Exercise data:
▼▼▼
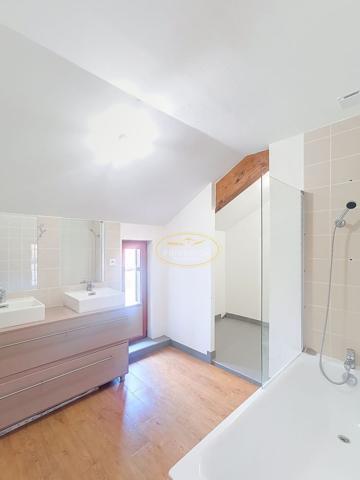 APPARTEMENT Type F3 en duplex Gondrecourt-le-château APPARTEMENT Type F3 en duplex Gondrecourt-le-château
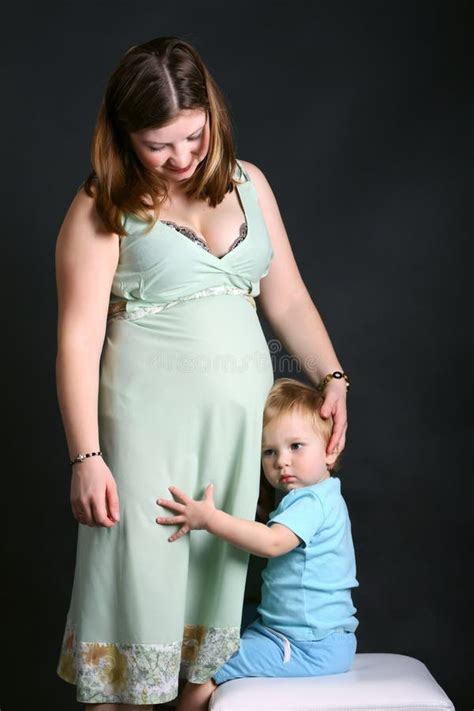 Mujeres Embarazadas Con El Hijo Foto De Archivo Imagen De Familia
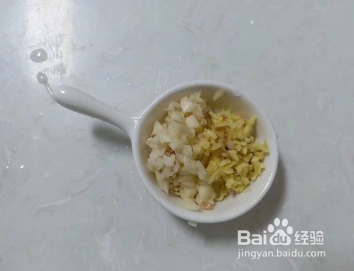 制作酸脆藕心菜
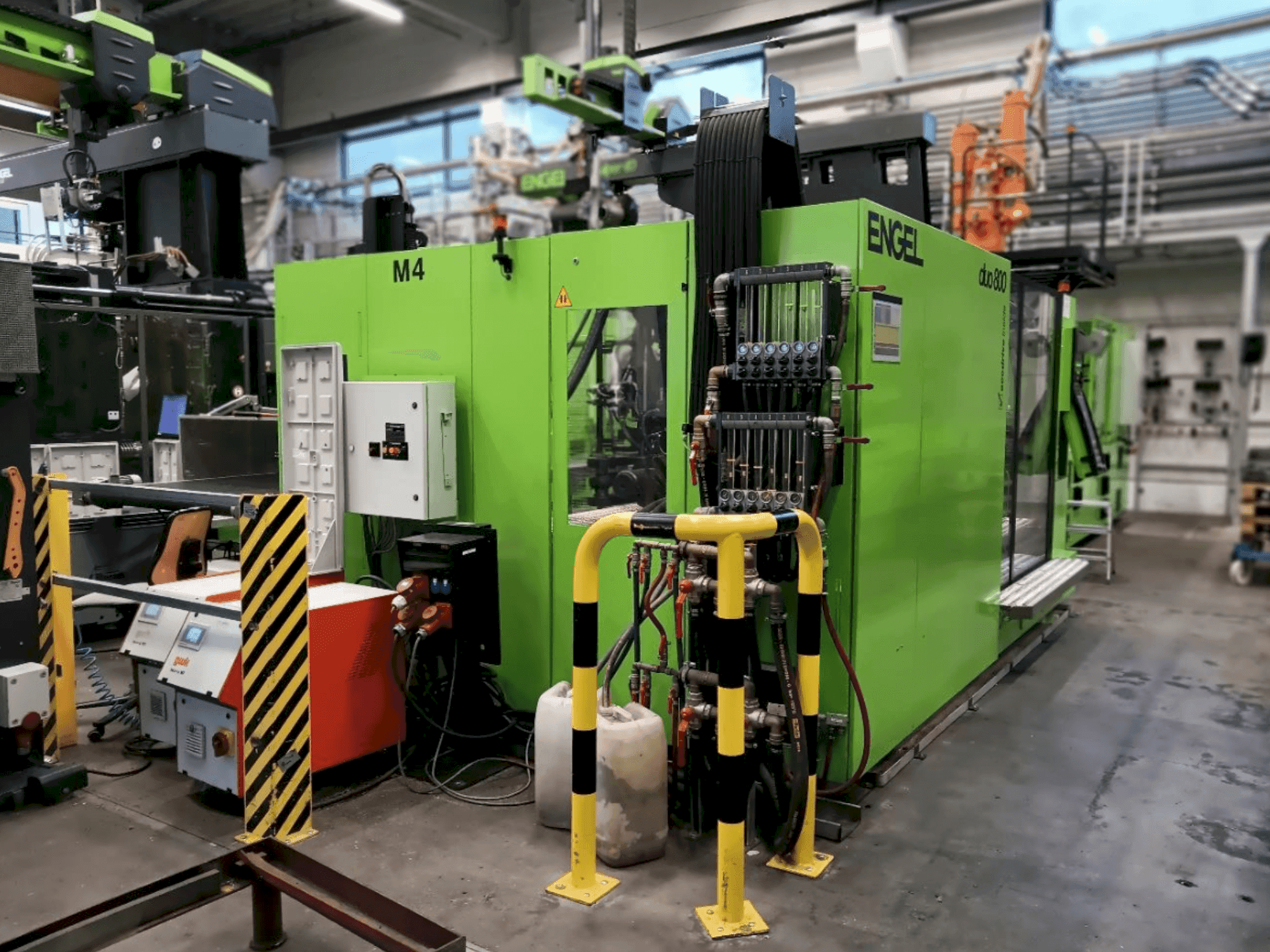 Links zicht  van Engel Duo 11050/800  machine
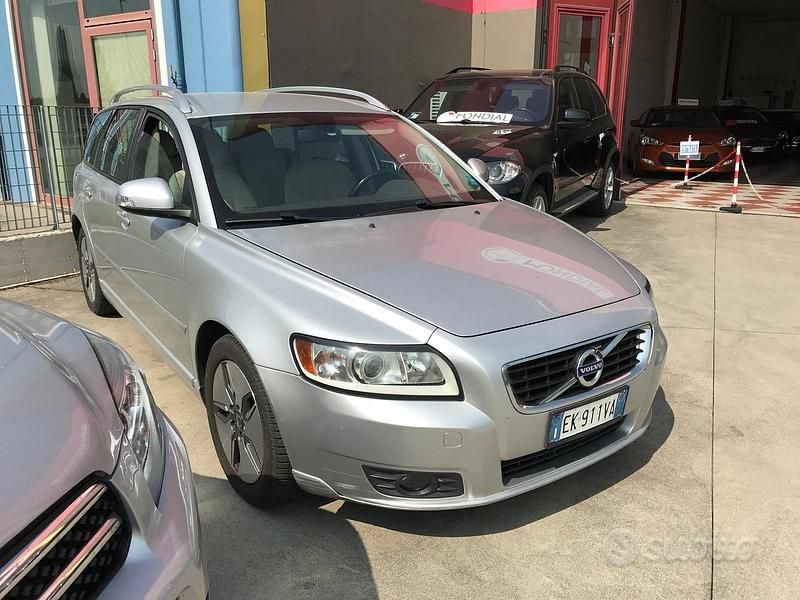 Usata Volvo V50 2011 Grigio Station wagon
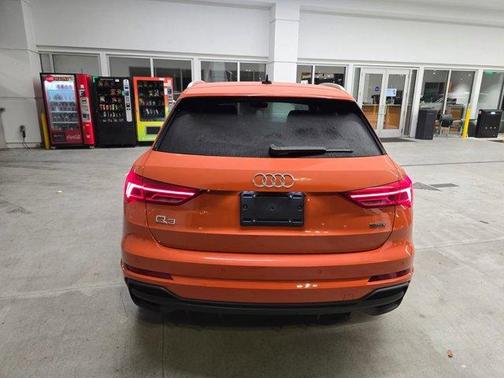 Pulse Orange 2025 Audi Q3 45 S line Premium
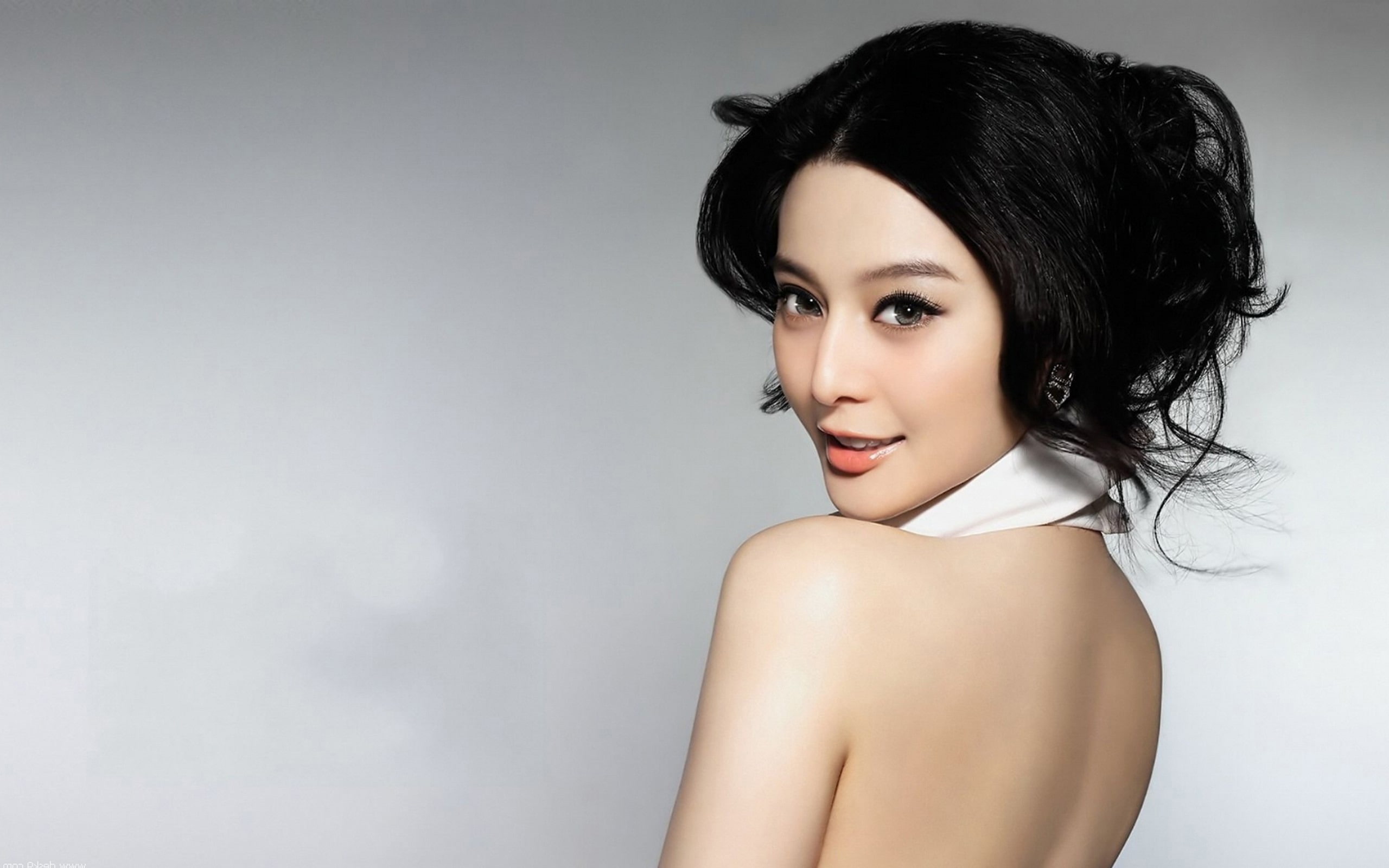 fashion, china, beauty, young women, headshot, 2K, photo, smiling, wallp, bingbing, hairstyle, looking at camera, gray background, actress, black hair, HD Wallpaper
▲▲▲
▼▼▼
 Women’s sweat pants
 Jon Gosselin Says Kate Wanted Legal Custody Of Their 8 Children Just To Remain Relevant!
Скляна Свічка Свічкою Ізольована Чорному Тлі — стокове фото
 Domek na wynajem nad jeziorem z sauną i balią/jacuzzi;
▲▲▲
When you reach the line with "APPARTEMENT Type F3 en duplex Gondrecourt-le-château APPARTEMENT" in the records above, start writing out each line exactly, and stop after the line with "Pulse Orange 2025 Audi Q3 45 S line Premium". Pictures stay out.

 APPARTEMENT Type F3 en duplex Gondrecourt-le-château APPARTEMENT Type F3 en duplex Gondrecourt-le-château
 Mujeres Embarazadas Con El Hijo Foto De Archivo Imagen De Familia
 制作酸脆藕心菜
 Links zicht  van Engel Duo 11050/800  machine
 Usata Volvo V50 2011 Grigio Station wagon
 Pulse Orange 2025 Audi Q3 45 S line Premium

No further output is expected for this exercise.